◆ What to produce
Required from the data below: the exact lines starting at the line containing "2-nen B-gumi Yuusha Destroyers page 20" and ending at the line containing "Page 17 of Toshishita", with both ends kept and all pictures dropped.

◆ Material supplied
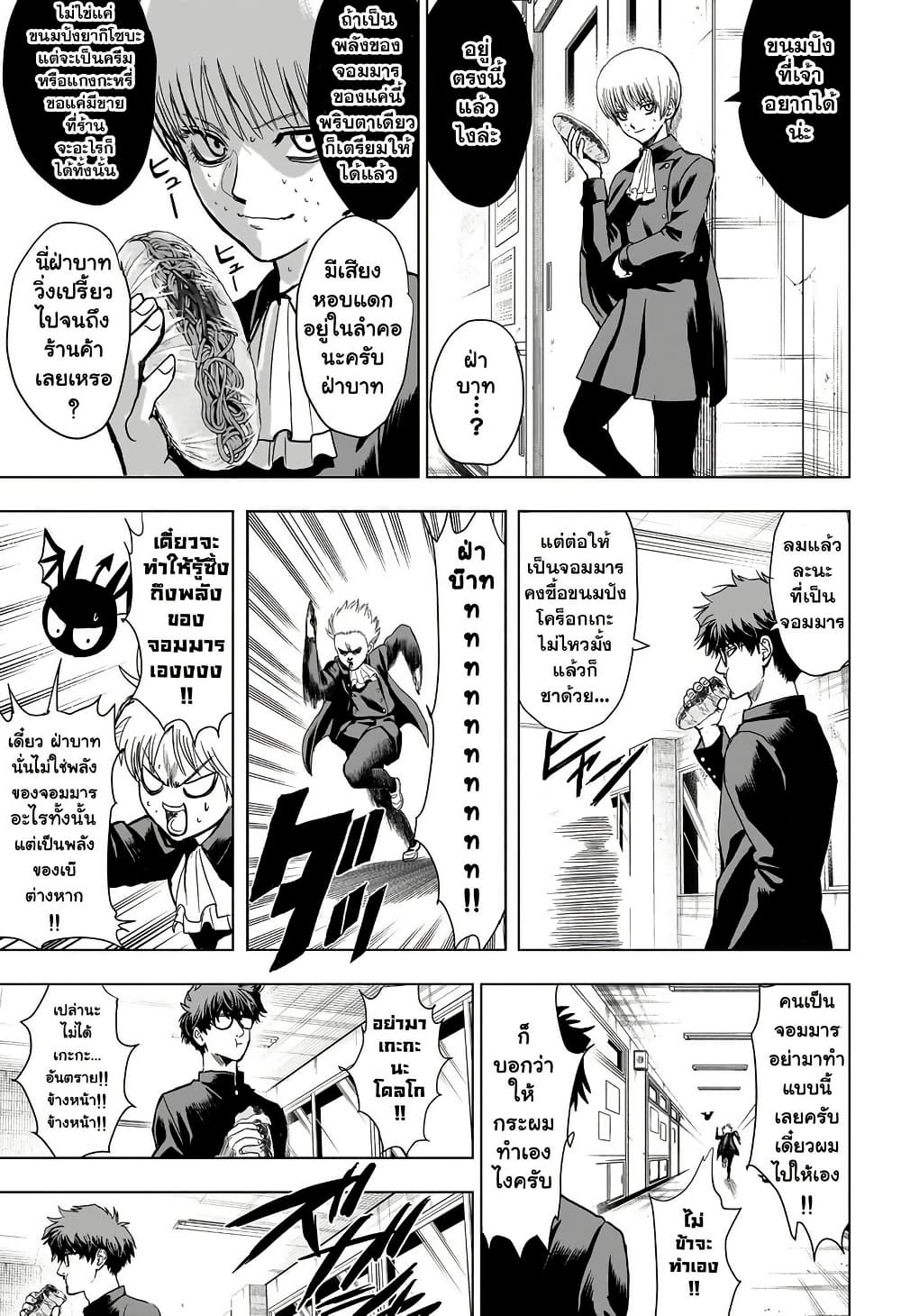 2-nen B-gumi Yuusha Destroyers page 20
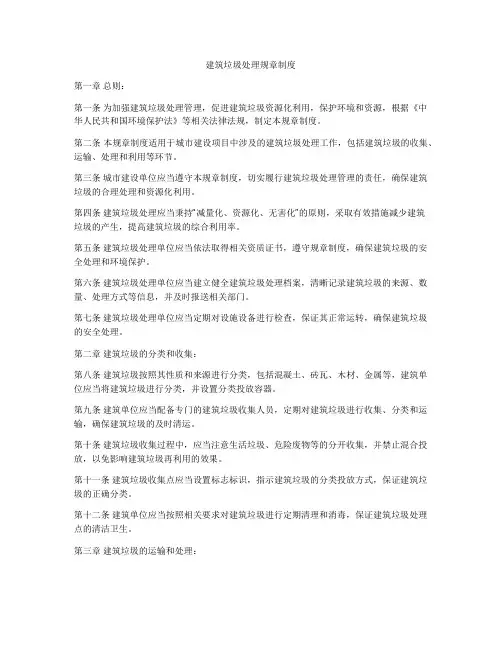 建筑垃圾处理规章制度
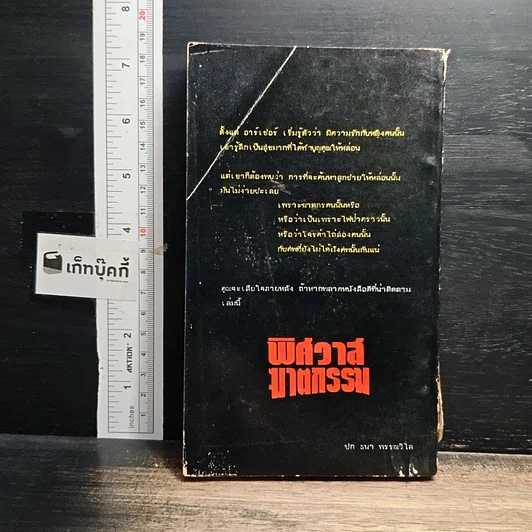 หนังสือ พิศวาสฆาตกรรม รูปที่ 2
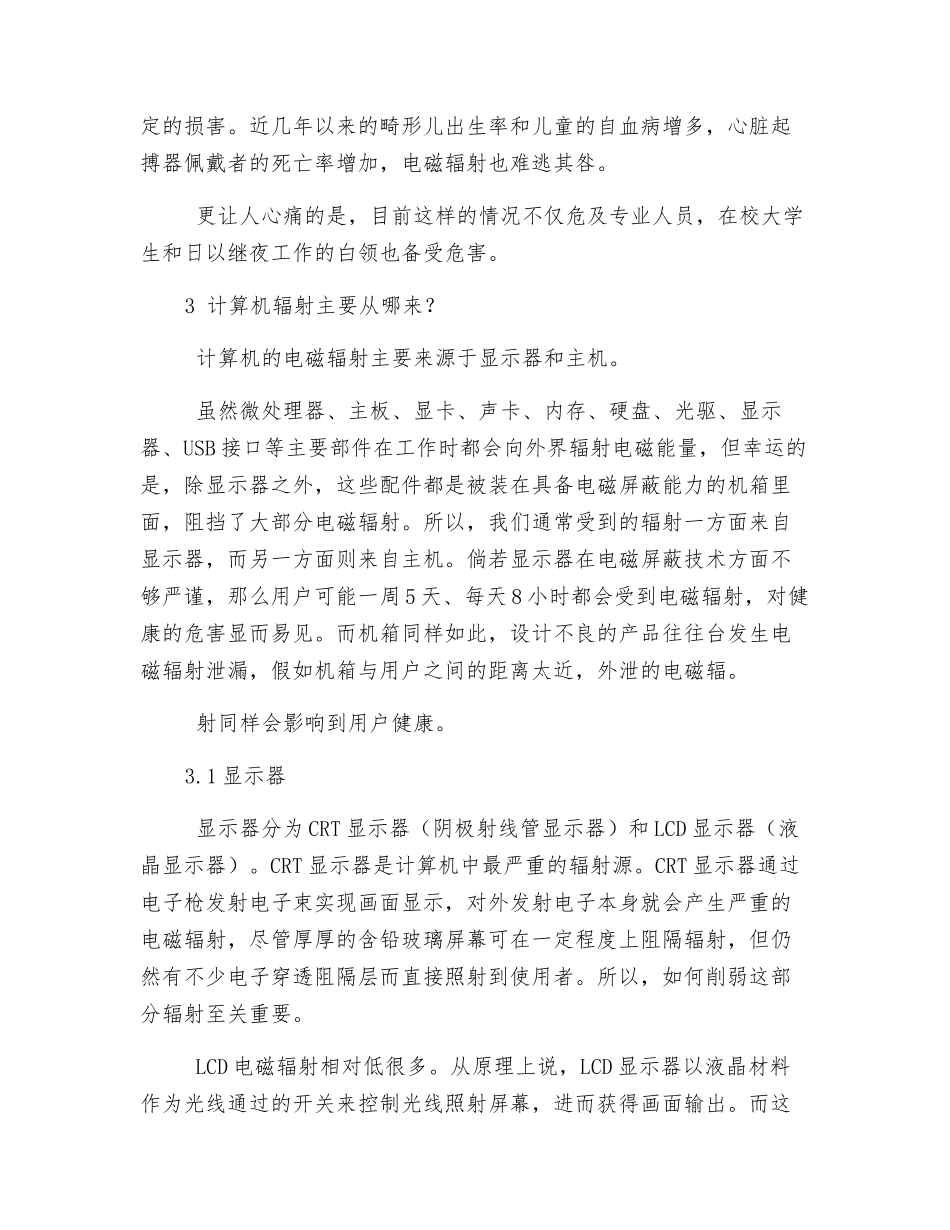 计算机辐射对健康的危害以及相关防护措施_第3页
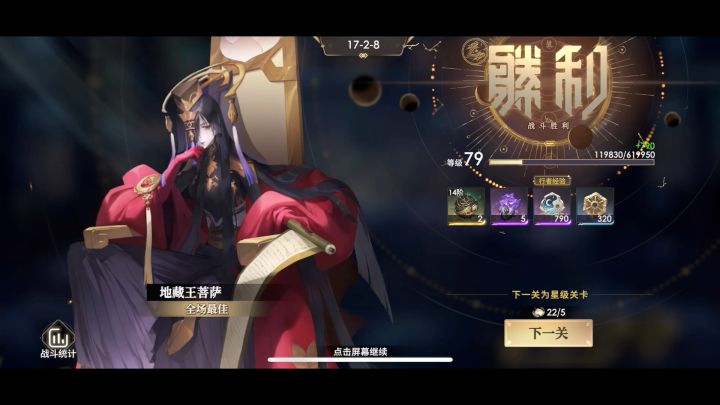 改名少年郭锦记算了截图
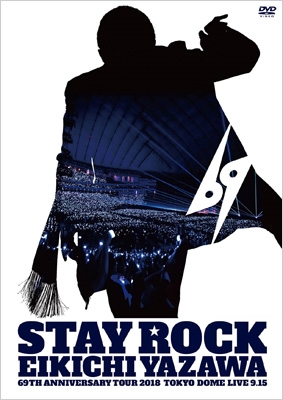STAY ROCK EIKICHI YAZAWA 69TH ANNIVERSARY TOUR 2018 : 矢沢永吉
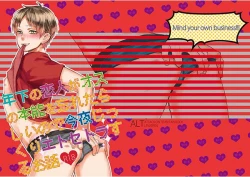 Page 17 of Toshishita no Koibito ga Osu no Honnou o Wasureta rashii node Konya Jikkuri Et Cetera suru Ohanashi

---

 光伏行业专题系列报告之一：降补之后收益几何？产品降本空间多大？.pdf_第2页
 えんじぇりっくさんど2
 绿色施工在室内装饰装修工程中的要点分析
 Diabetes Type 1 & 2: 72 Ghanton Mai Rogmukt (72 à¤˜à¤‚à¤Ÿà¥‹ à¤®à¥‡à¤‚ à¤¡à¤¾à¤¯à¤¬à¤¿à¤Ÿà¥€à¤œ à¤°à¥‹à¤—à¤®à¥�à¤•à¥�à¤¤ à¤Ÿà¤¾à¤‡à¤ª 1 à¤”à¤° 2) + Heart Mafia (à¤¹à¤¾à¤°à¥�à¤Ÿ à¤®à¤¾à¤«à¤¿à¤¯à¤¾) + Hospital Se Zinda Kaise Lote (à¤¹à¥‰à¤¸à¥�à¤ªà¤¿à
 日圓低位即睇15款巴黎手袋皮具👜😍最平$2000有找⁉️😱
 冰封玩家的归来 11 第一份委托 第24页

...

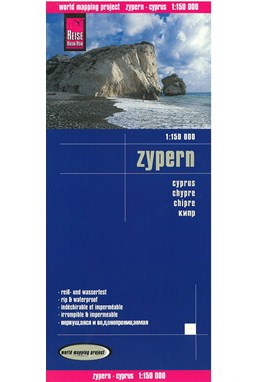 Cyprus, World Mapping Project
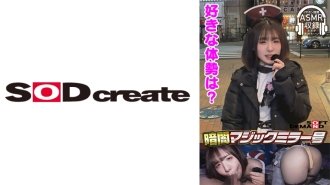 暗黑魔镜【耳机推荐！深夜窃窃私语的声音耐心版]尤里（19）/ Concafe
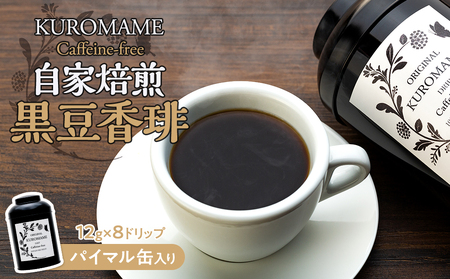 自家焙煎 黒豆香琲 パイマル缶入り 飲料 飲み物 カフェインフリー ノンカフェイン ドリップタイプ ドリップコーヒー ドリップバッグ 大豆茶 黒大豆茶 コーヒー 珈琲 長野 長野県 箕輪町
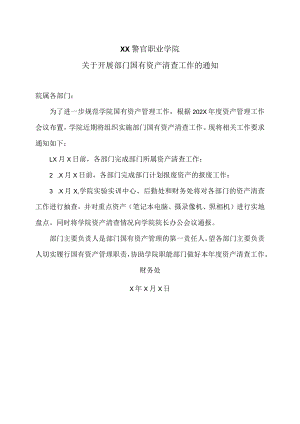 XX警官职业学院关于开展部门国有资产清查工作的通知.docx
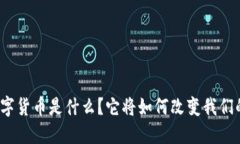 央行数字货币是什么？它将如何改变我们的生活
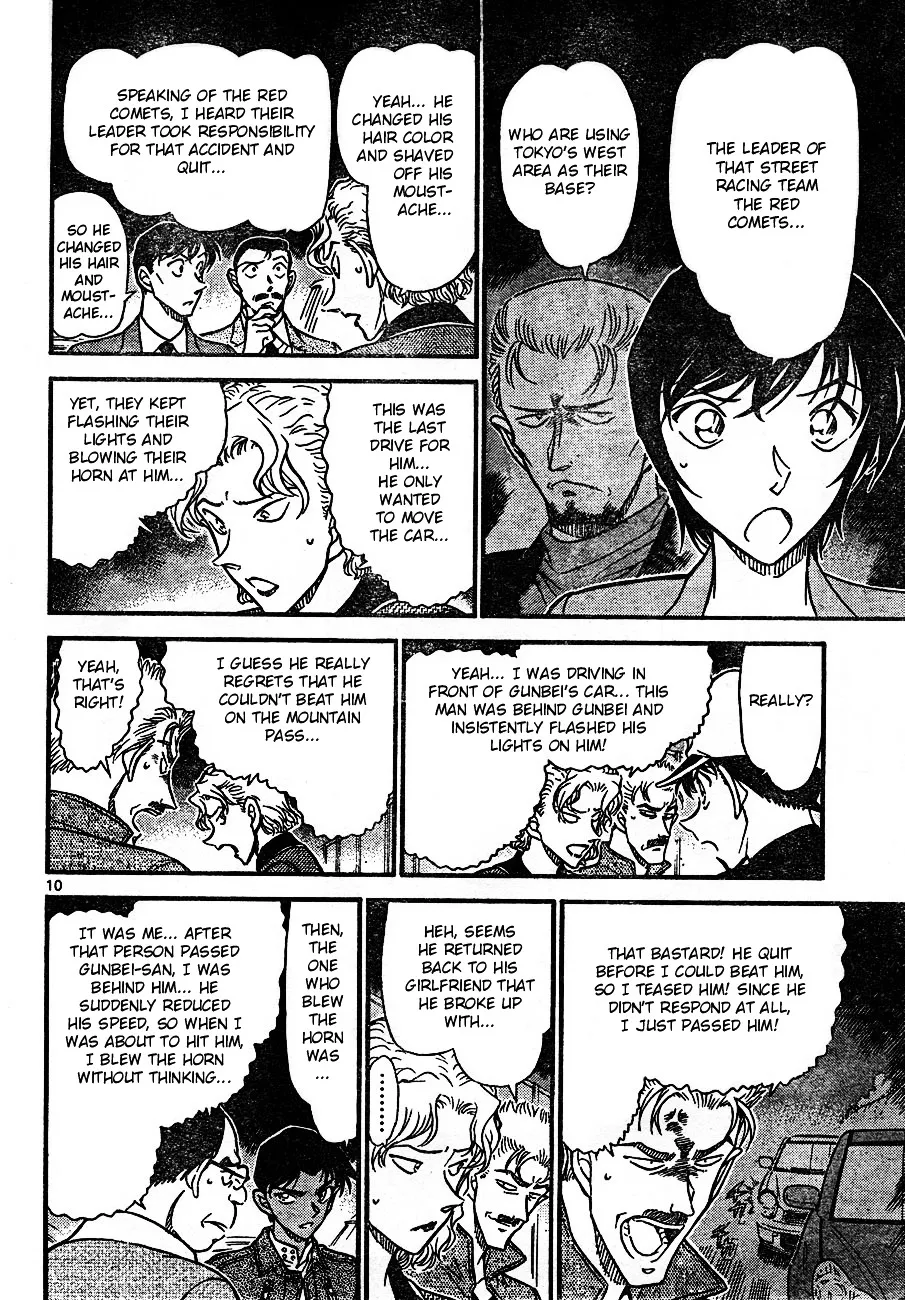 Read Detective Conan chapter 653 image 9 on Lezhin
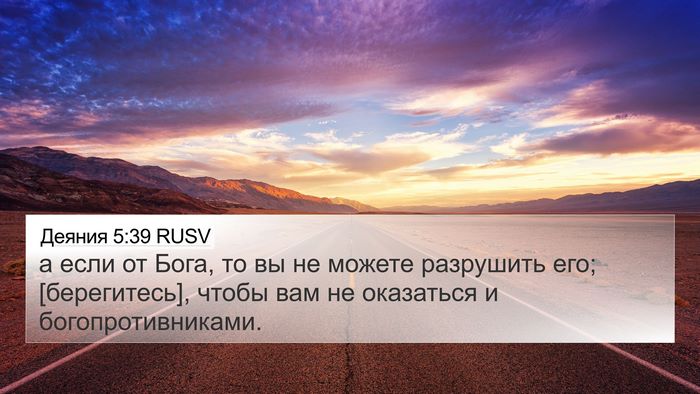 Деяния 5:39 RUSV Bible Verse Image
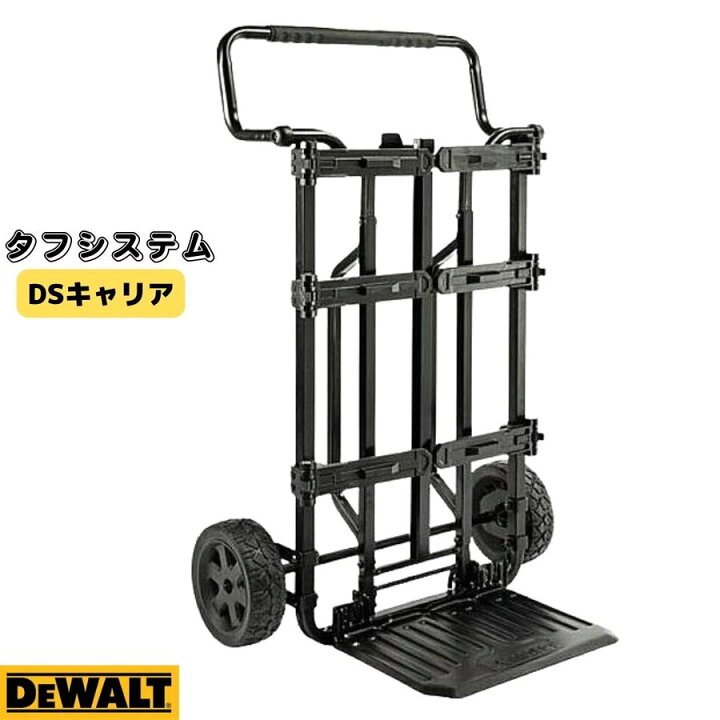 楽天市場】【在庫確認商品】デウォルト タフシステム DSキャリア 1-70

◆ Answer section
 2-nen B-gumi Yuusha Destroyers page 20
 建筑垃圾处理规章制度
 หนังสือ พิศวาสฆาตกรรม รูปที่ 2
 计算机辐射对健康的危害以及相关防护措施_第3页
 改名少年郭锦记算了截图
STAY ROCK EIKICHI YAZAWA 69TH ANNIVERSARY TOUR 2018 : 矢沢永吉
 Page 17 of Toshishita no Koibito ga Osu no Honnou o Wasureta rashii node Konya Jikkuri Et Cetera suru Ohanashi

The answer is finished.